May 14, 2024

Implementing Perceptron Neural Network for Classification in Python


In this post, we explain how to implement the perceptron neural network for classification tasks from scratch.

To motivate the need for perceptron, let us consider the following problem. Suppose that we are given two sets of points in the X_{1}-X_{2} planes:

(1)   \begin{align*}\text{Class A}= \{(x_{1}^{A1},x_{2}^{A1}),(x_{1}^{A2},x_{2}^{A2}),\ldots, (x_{1}^{AN},x_{2}^{AN})\} \\\text{Class B}= \{(x_{1}^{B1},x_{2}^{B1}),(x_{1}^{B2},x_{2}^{B2}),\ldots, (x_{1}^{BM},x_{2}^{BM})\} \end{align*}


where N and M are the numbers of points in the ClassA and ClassB. For example, these two classes are shown in Fig. 1 below.
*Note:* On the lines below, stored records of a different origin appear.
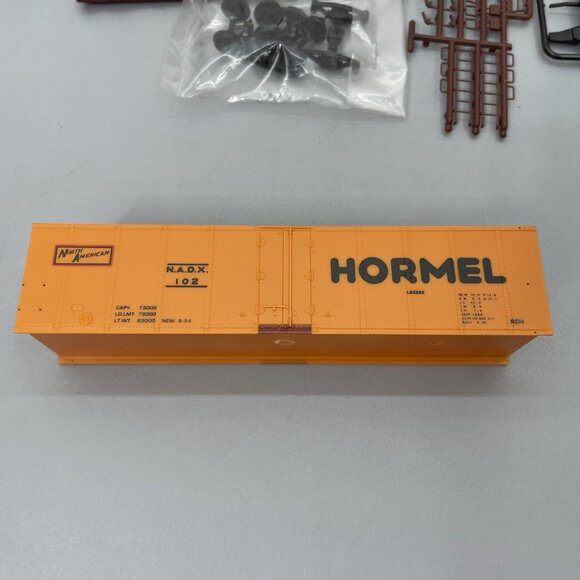 InterMountain HO North American NADX 102 Hormel Ice Reefer Train Car Kit - Picture 4 of 15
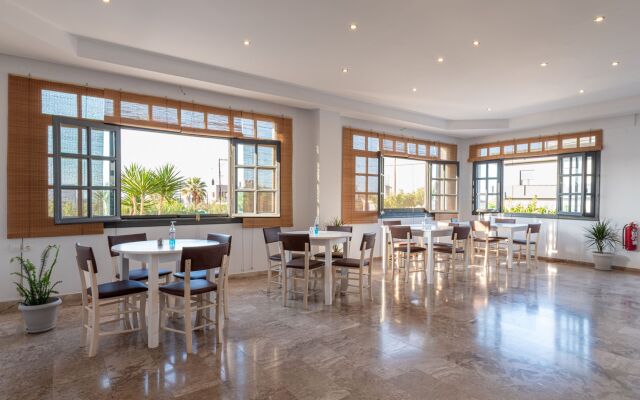 Anemos Inn Hotel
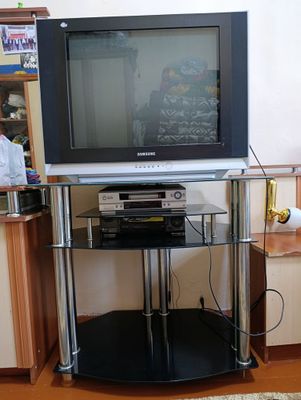 Samsung buringi televizor bari jeri saz podstavkasi menen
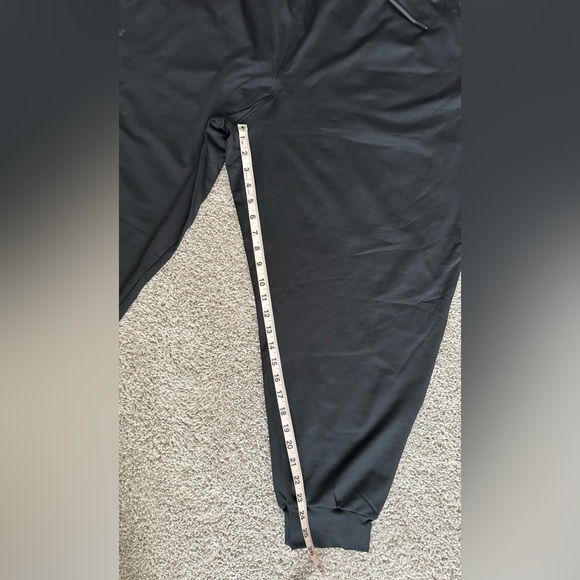 Under Amrour Coldgear Joggers - Picture 12 of 13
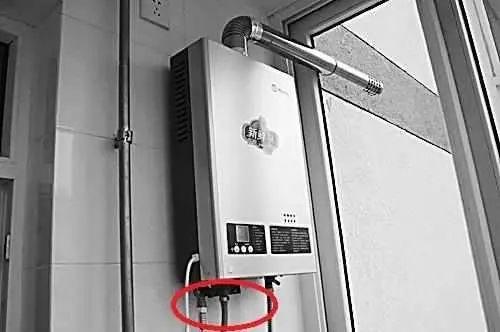 热水器下面一个管漏了怎么更换,热水器下边的管子断了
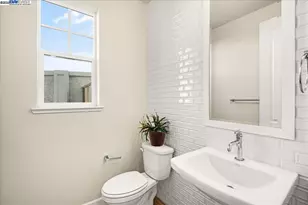 5325 Singh Circle, Union City, CA 94587 - Photo 20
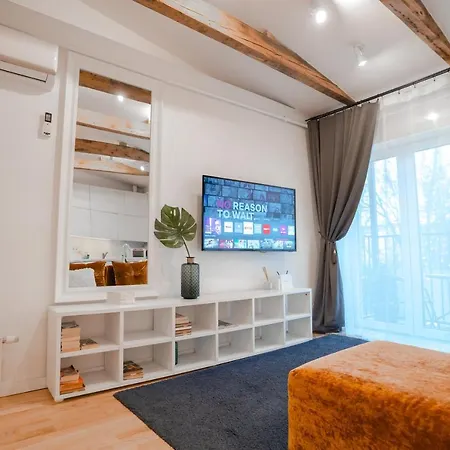 Alpetri Apartment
Figure 1: Two classes: Class A (rectangle) and Class B (polygon).

Now, suppose that we are given a new point P: (x_{1}^{P},x_{2}^{P} ). Our task is to determine if this point belongs to Class A or Class B? Point P is illustrated in the figure below.

Figure 2: The goal is to determine if new point P belongs to class A or class B.

One way to solve this problem is to first fit the line that will separate these two classes, then once this line is fitted, we can easily determine where the point P belongs by investigating if the point P is above or below the fitted line. The fitted line is shown in the figure below.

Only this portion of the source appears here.